About two weeks ago a buyer informed me that he would not consider any tax and accounting practice that had less than a $650 average fee on the 1040 tax returns prepared. A line in the sand without any consideration for the fact that all 1040 tax returns are not equal. A very simple 1040 may take 20 to 30 minutes to prepare, some may take an hour, and some are far more complicated and may take a day or more to prepare.
Consider you have a complicated 1040 that require six hours of time to prepare. There is a schedule C, schedule D, a slew of investments, and the client is not particularly organized. You weigh how much the client would be willing to pay for this return and the time spent on it and bill the client $1,800. So this would equate to an average fee of $1,800 if your tax practice was comprised entirely of this exact same type of return and time spent.
Then, consider you have a bunch of far simpler 1040’s and you run a very efficient operation and have trained your clients very well.
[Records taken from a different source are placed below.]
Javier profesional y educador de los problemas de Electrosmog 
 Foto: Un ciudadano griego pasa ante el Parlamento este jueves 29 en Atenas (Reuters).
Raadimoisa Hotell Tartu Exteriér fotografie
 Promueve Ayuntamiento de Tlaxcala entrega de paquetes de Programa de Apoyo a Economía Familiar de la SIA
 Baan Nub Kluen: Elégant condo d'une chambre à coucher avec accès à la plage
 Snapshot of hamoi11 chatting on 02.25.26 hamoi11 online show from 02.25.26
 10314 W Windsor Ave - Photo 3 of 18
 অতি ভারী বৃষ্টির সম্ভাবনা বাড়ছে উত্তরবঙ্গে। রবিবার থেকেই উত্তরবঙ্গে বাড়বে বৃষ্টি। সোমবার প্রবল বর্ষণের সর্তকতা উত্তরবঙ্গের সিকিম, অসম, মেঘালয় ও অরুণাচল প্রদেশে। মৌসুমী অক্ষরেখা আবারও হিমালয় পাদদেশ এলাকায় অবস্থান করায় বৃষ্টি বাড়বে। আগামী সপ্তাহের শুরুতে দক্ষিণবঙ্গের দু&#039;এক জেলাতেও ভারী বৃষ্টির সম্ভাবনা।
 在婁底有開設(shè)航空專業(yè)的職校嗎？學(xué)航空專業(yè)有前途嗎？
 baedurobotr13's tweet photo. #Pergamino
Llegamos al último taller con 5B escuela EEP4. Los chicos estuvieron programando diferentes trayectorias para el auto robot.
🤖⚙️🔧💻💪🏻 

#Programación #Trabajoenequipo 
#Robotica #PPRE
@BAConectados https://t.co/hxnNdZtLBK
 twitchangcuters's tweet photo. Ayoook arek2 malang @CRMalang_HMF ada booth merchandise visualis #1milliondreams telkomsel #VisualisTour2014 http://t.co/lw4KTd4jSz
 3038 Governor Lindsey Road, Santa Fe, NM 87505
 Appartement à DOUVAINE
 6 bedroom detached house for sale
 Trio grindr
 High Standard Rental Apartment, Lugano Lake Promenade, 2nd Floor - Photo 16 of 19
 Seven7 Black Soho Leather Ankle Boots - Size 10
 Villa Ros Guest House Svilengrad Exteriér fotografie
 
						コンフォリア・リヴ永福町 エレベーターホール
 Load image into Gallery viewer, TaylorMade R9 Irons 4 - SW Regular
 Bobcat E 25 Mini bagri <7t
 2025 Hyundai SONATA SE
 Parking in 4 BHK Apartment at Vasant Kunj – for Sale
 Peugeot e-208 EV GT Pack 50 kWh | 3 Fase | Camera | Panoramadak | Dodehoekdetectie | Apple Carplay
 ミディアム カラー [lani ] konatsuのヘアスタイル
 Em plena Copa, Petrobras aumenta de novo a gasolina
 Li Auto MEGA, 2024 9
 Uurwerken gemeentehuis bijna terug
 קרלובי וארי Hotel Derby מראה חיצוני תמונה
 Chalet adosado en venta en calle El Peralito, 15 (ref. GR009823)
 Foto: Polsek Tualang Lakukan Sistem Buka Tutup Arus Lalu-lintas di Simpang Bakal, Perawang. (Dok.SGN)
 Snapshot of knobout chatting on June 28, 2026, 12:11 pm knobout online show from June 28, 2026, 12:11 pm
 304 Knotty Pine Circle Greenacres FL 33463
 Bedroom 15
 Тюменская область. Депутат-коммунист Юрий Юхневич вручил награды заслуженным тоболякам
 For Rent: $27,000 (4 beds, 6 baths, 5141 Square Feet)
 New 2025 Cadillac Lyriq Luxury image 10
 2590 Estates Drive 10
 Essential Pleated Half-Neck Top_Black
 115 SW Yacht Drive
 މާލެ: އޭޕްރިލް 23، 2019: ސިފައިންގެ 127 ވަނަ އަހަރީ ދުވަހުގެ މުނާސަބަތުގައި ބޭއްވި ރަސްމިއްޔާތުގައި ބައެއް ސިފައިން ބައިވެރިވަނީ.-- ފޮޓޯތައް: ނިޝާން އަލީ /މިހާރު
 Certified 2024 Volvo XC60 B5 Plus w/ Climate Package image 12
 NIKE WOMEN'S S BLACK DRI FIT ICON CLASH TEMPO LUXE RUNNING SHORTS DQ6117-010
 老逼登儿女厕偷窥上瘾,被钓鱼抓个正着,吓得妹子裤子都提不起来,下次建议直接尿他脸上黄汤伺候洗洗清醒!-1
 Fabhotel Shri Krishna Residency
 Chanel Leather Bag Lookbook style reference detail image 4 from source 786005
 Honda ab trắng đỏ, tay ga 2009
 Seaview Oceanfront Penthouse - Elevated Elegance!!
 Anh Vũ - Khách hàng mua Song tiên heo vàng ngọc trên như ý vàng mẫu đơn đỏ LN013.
You can prepare 6 returns in the same six hours of our previous example and you bill each client $600. This equates to an average fee of $600.
So, in the first example we have an average 1040 fee of $1,800 and in the second we have an average 1040 fee of $600. On the surface level the $1,800 is going to appear to be more appealing. However, when you weigh the time spent you realize that the $1,800 fee equates to a $300 hour while the $600 fee equates to $3,000 over the same period of production time and a $600 hour. The lower fee is twice as profitable! In addition, losing three of the $600 clients is equal to losing one of the $1,800 in regard to total revenue. So, the $600 average fee also presents a diminished risk in regard to client retention.
Yes, analyzing the purchase of a tax and accounting practice can be complicated, so resist pursuing overly simplified answers. Evaluating average fees is certainly important, but giving them too much consideration without understanding the production hours behind them is folly. Be sure to also get a clear understanding of how complicated the tax returns are and the production time, then develop an estimate of how the average fees equate to an hourly rate before drawing your conclusions.